What is needed is every line from the one holding "Modern living room" to the last line of the data below, printed exactly and without pictures.

◆ **Information provided**:

★ ★ ★ ★ ★ ★ ★

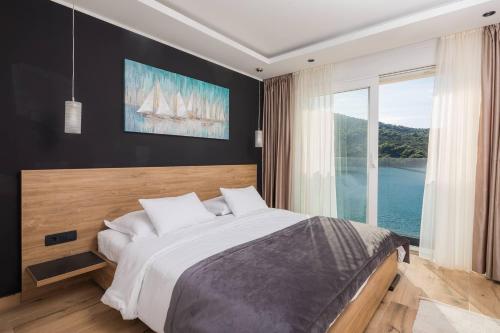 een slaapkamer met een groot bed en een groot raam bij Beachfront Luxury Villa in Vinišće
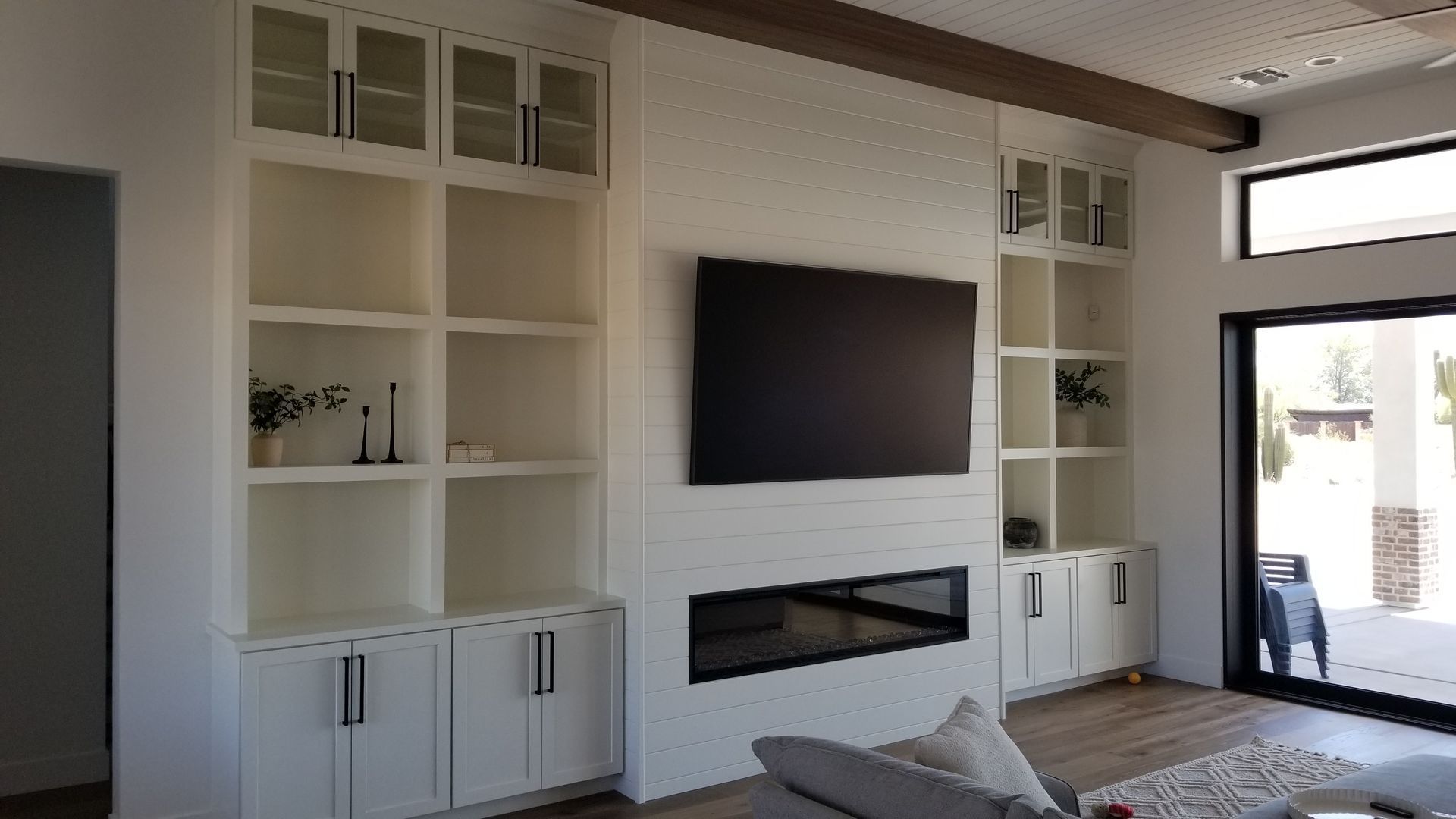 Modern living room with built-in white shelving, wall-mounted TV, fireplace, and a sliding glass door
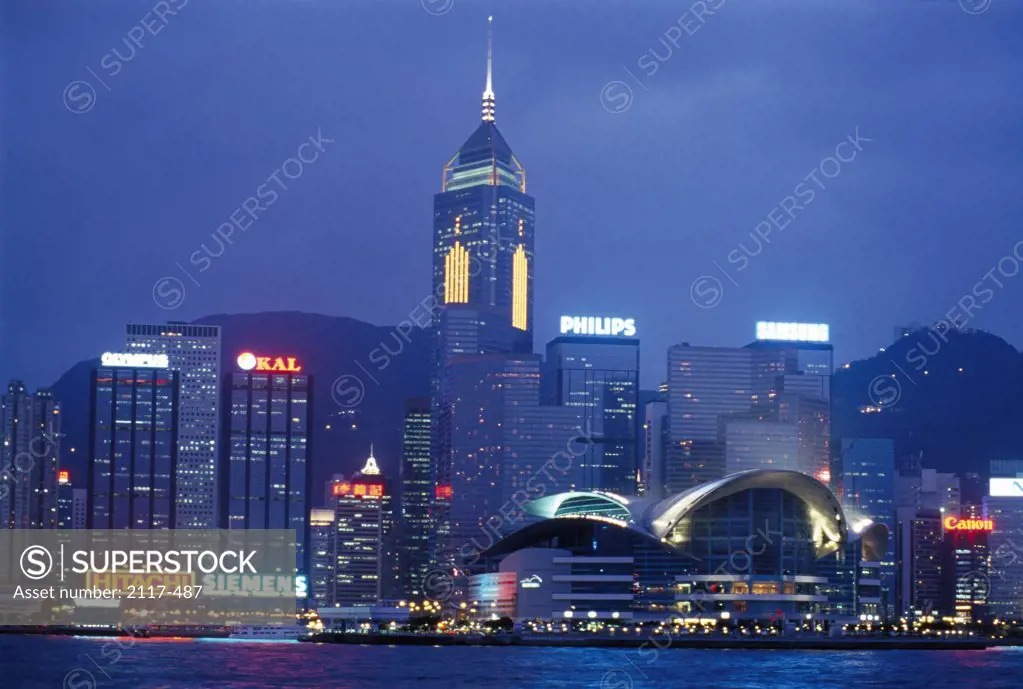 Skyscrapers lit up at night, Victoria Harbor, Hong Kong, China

★ ★ ★ ★ ★ ★ ★

◆ **Solution to this exercise**:
 Modern living room with built-in white shelving, wall-mounted TV, fireplace, and a sliding glass door
 Skyscrapers lit up at night, Victoria Harbor, Hong Kong, China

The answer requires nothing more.